__LISTED RECORDS__
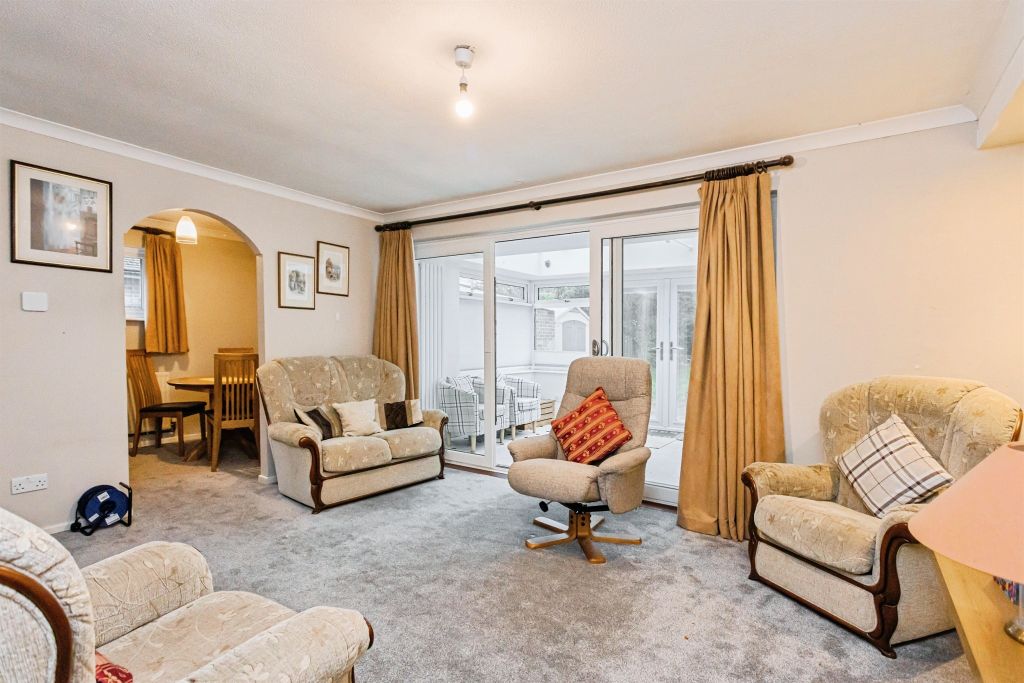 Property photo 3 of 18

--

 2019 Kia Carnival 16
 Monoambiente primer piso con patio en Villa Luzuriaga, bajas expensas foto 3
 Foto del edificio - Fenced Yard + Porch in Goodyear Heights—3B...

__EXERCISE BRIEF__
Take from the material above the lines running from the one with "2019 Kia Carnival 16" through the one with "Foto del edificio", and repeat them exactly, with nothing else.

__SOLUTION BELOW__
 2019 Kia Carnival 16
 Monoambiente primer piso con patio en Villa Luzuriaga, bajas expensas foto 3
 Foto del edificio - Fenced Yard + Porch in Goodyear Heights—3B...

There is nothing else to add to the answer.